> Task instructions
Exact copy, pictures excluded: print the lines from the one with "KALLORY 12Pcs Large" through the final line of the records.

> Available data

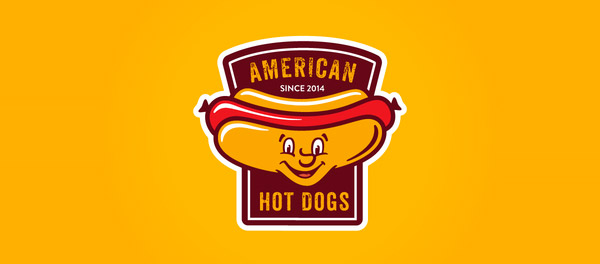 hotdog logo designs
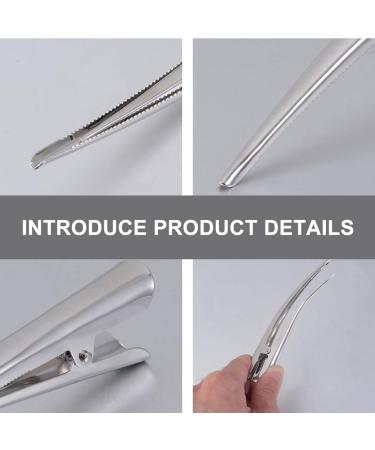 KALLORY 12Pcs Large Duckbill Hair Clips - Non-Slip Metal Barrettes for Thick & Thin Hair (Silver) - Buy Online on SooperMarket.com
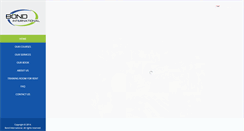 Desktop Screenshot of bond-intl.com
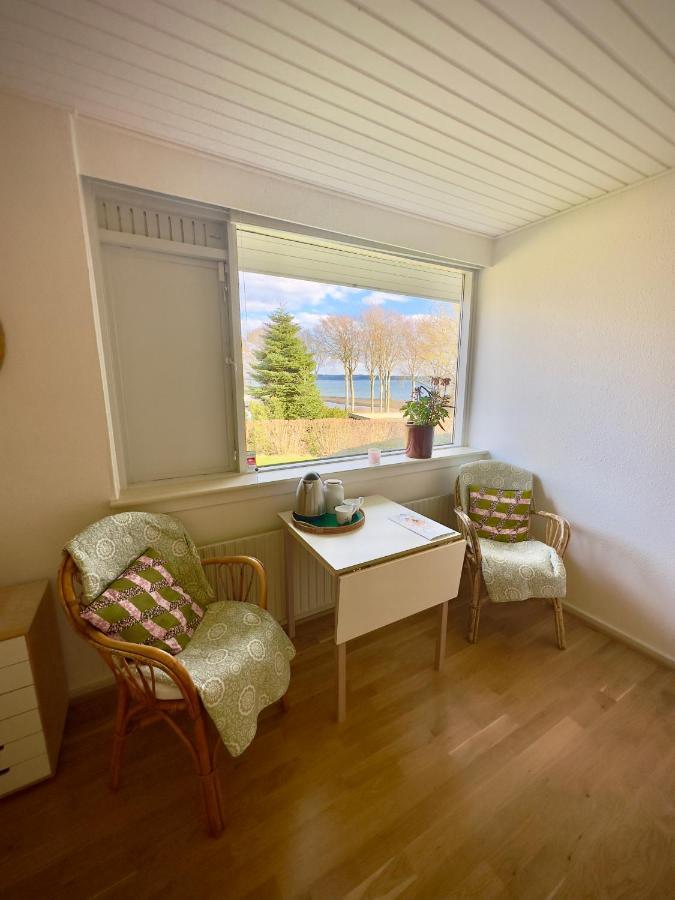 Vaerelse Med Udsigt Over Limfjorden - Rolige Omgivelser Og Adgang Til Flot Have Nykobing Mors Extérieur photo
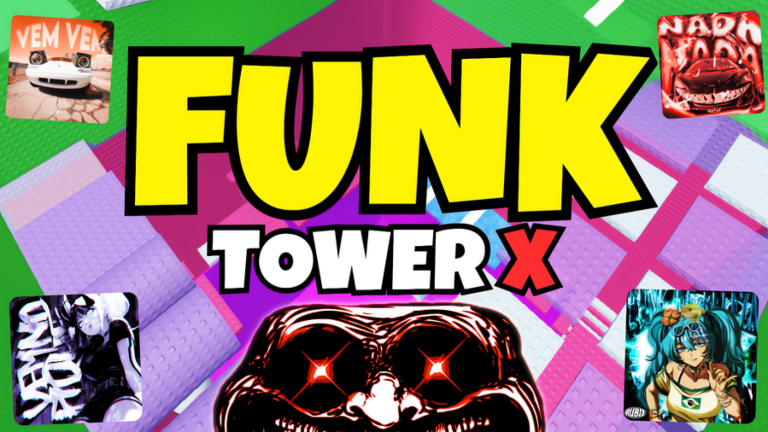 Funk Tower X 💥 screenshot 1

> Your solution
 KALLORY 12Pcs Large Duckbill Hair Clips - Non-Slip Metal Barrettes for Thick & Thin Hair (Silver) - Buy Online on SooperMarket.com
 Desktop Screenshot of bond-intl.com
 Vaerelse Med Udsigt Over Limfjorden - Rolige Omgivelser Og Adgang Til Flot Have Nykobing Mors Extérieur photo
 Funk Tower X 💥 screenshot 1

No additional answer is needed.